Question

Which of the following is not a quadratic equation?
A) \[2{(x + 1)^2} = 4{x^2} + 2x + 1\]
B) \[2x + {x^2} = 2{x^2} + 5\]
C) \[{\left( {\sqrt 2 \times \sqrt 3 x} \right)^2} + {x^2} = 3{x^2} + 5x\]
D) \[{\left( {{x^2} + 2x} \right)^2} = {x^5} + 3 + 4{x^3}\]

Answer 1

Hints: For a polynomial to be quadratic the necessary and sufficient condition is the highest power of the variable must be equal to 2. Try to solve all the given options to see if we can find any polynomial which has the highest power of a variable greater than or less than 2.

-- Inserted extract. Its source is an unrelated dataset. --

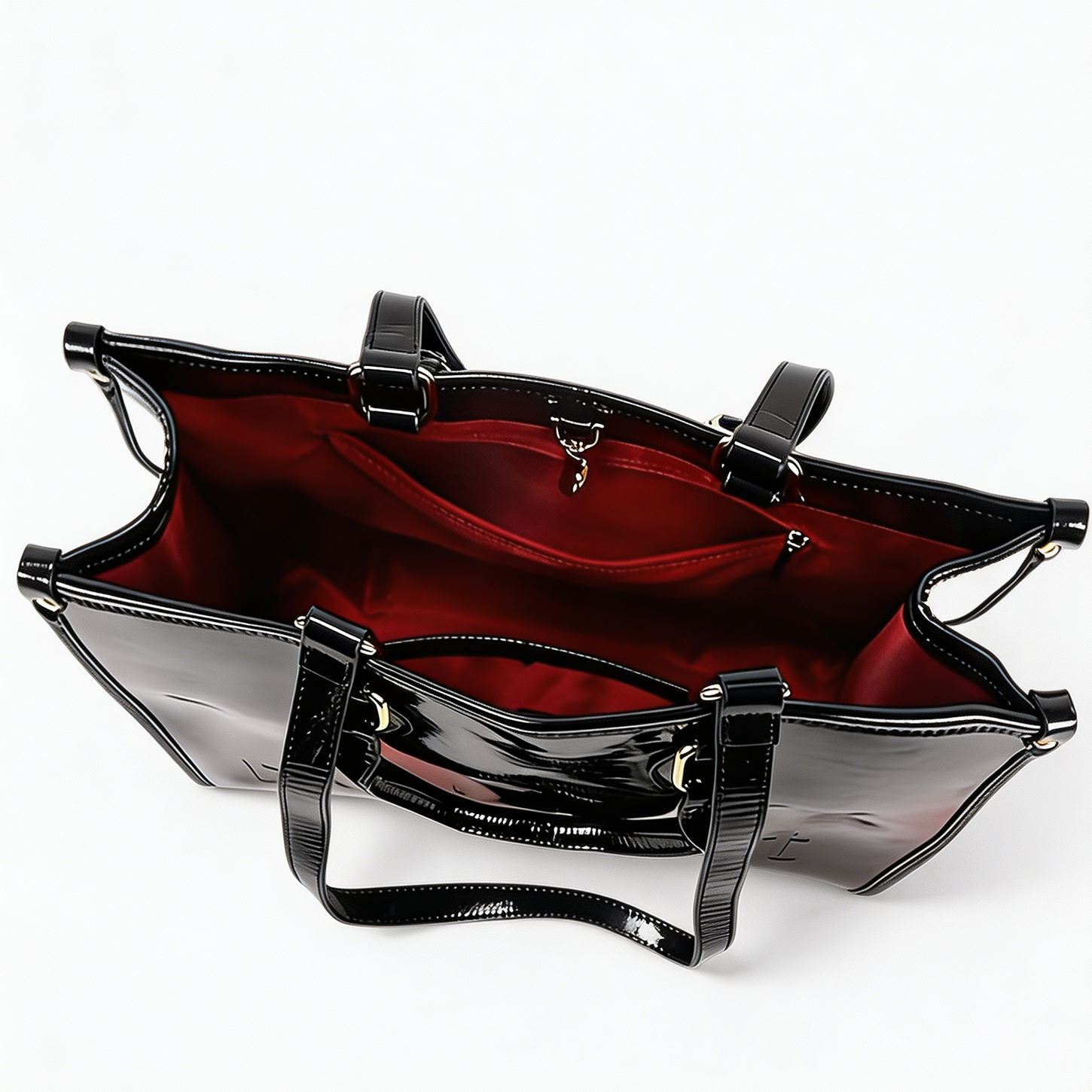 Women Black Glossy Patent PU L - Structured Handbag Top Handle recensie en prijs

Complete Step by Step Solution:
For option A, \[2{(x + 1)^2} = 4{x^2} + 2x + 1\]
Using the formula \[{(a + b)^2} = {a^2} + 2ab + {b^2}\]
We can get,
\[\begin{array}{l}
2{(x + 1)^2} = 4{x^2} + 2x + 1\\
 \Rightarrow 2({x^2} + 2x + 1) = 4{x^2} + 2x + 1\\
 \Rightarrow 2{x^2} + 4x + 2 = 4{x^2} + 2x + 1\\
 \Rightarrow 2{x^2} - 2x - 1 = 0
\end{array}\]
Clearly the highest power of the variable x is 2. So it is not the correct option
For option B, \[2x + {x^2} = 2{x^2} + 5\]
\[\begin{array}{l}
2x + {x^2} = 2{x^2} + 5\\
 \Rightarrow {x^2} - 2x + 5 = 0
\end{array}\]
Again The highest power is 2. So it is not the Correct option
For option C, \[{\left( {\sqrt 2 \times \sqrt 3 x} \right)^2} + {x^2} = 3{x^2} + 5x\]
\[\begin{array}{l}
{\left( {\sqrt 2 \times \sqrt 3 x} \right)^2} + {x^2} = 3{x^2} + 5x\\
 \Rightarrow {\left( {\sqrt 6 x} \right)^2} + {x^2} = 3{x^2} + 5x\\
 \Rightarrow 6{x^2} + {x^2} = 3{x^2} + 5x\\
 \Rightarrow 7{x^2} = 3{x^2} + 5x\\
 \Rightarrow 4{x^2} - 5x = 0
\end{array}\]
And yet again we get the highest power as 2. Clearly it is not the solution we are looking for
So that’s make it obvious that option D is the correct solution, Still it can be elaborated as
\[\begin{array}{l}
{\left( {{x^2} + 2x} \right)^2} = {x^5} + 3 + 4{x^3}\\
 \Rightarrow {x^4} + 4{x^2} + 4{x^3} = {x^5} + 3 + 4{x^3}\\
 \Rightarrow {x^5} - {x^4} - 4{x^2} + 3 = 0
\end{array}\]
It is Clearly seen that the highest power of x is 5 here.
Therefore it is not a quadratic equation. Hence option D is correct

Note: Students always make mistakes while converting signs in solving equations so beware of them. On the other hand we could have reached the solution without doing all this in the last option highest power of 5 is clearly visible and by solving \[{\left( {{x^2} + 2x} \right)^2}\] we can only get a maximum of \[{x^{{2^2}}} = {x^4}\] therefore there was no chance that \[{x^5}\] would be cancelled out so there’s no chance of getting a quadratic equation.